On Being Curious

Those of us who have decided to enter the rewarding—and occasionally frustrating and exhausting—profession of software development know that learning is a daily requirement, a subject I have written about before. If you include yourself in that description, you also know how quickly you see the limits of your knowledge of the field recede before you as the cutting edge of software pushes ever onward—or find yourself spinning in circles as the software industry chases its tail, however you care to visualize it.

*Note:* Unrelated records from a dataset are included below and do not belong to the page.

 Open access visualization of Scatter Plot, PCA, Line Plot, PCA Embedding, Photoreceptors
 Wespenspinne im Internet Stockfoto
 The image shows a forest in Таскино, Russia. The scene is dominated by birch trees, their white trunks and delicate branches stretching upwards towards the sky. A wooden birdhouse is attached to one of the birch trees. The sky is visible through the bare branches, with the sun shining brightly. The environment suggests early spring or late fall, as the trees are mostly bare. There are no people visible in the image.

If your employer has any understanding of what they hired you to do all day, they should be willing to contribute to your education with reimbursements and learning opportunities, but ultimately we programmers are responsible for our own education. Maintaining the motivation to do all this learning requires, in my opinion, the desire to know how things work, how different concepts fit together, how a new idea can improve on an existing solution; in a word, it requires curiosity. There are plenty of incurious people out there—some of whom you will work with, like the manager on your software project who has no concept of how software is developed and no motivation to learn; that’s for those computer nerds to worry about—but for someone faced with the task of keeping up with the pace of the technology industry, a native sense of curiosity provides the internal motivation needed to be excited about this prospect and not simply overwhelmed by it.

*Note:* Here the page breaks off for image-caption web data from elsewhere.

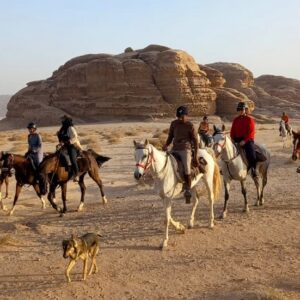 10-daagse paardrijtocht door Wadi Rum - Jordanië - Afbeelding 10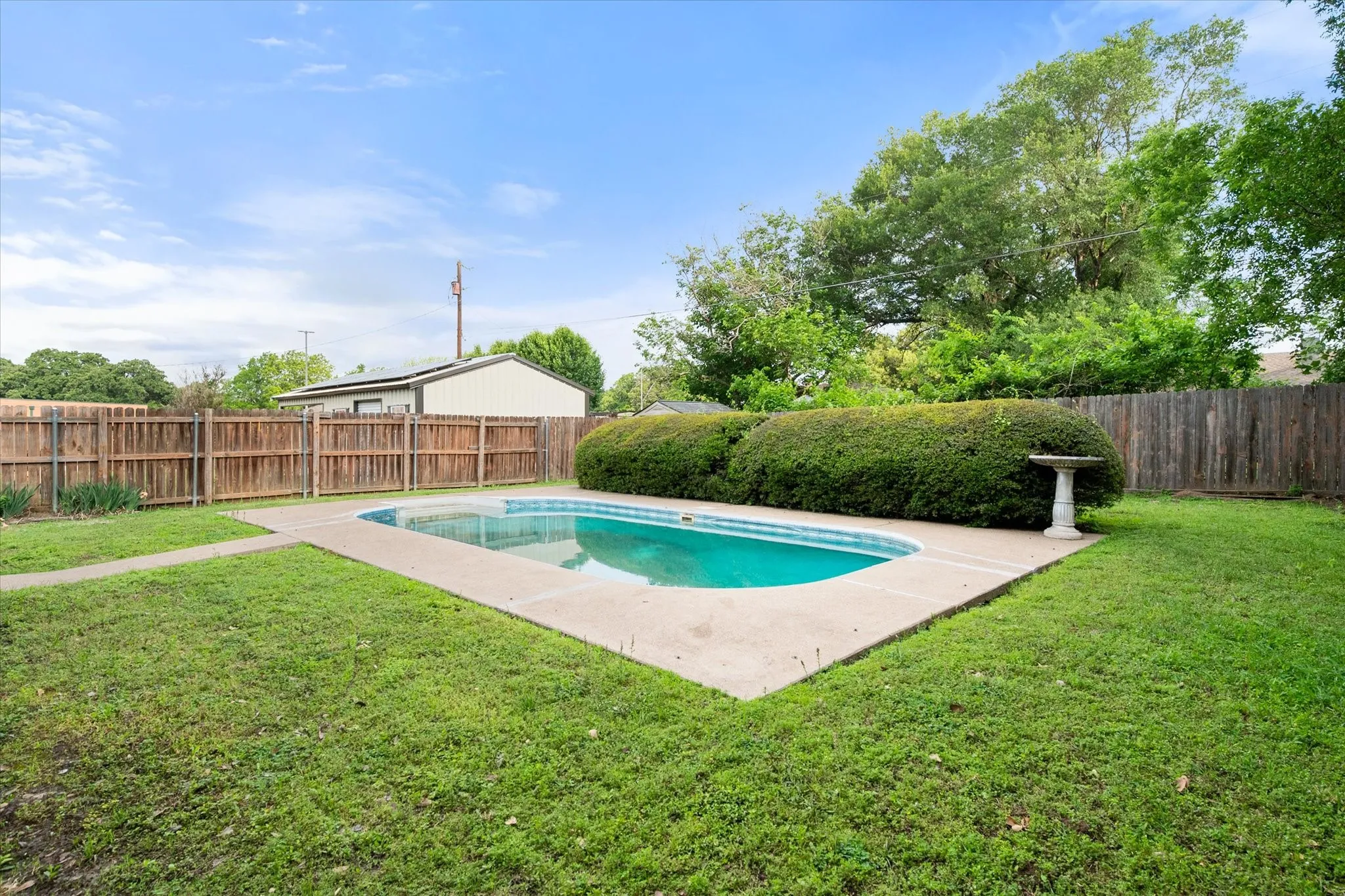 Backyard featuring an in-ground swimming pool with concrete decking, surrounded by a manicured lawn and mature privacy shrubs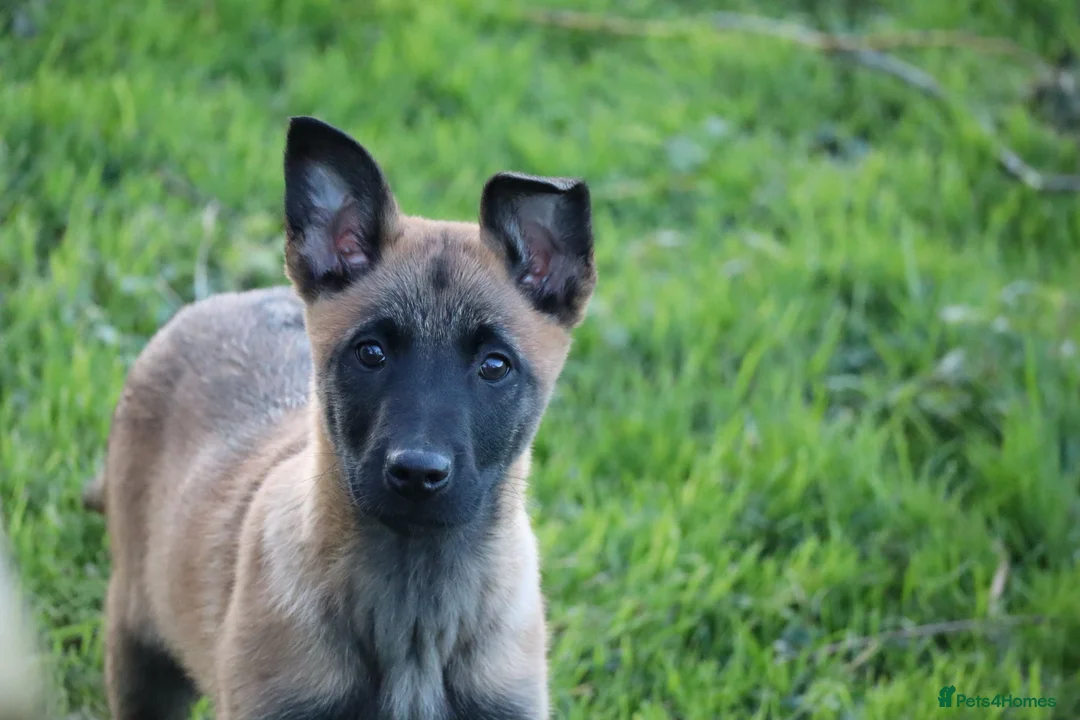 Belgian Shepherd Dog dogs for sale: Pups from JPMANK9  - Advert 36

As a self-taught programmer, I don’t think I could have gotten far in my career without this desire to understand. There were certainly extrinsic motivators: I had bills to pay and did hope this would be a way to meet my financial obligations. But the intrinsic motivation of curiosity is what allowed me to keep at it, day after day, until I had amassed enough knowledge and experience to actually have something to contribute. A decade and a half into my career, I still have plenty to learn, and so far I am not sad about that.

The World is a Big Place

Curiosity means discovering over and over again that the world is more complex than you thought, that there are worlds hidden away in the seemly commonplace, that even the number of subjects to learn about is more than you could have guessed. The knowledge that the world is immense and effectively infinitely complex, that the part of it that you personally will ever understand is a fraction of the fraction that has come under human understanding, is an antidote to the Dunning-Kruger effect, allowing you to remain humble as you progress in knowledge and understanding.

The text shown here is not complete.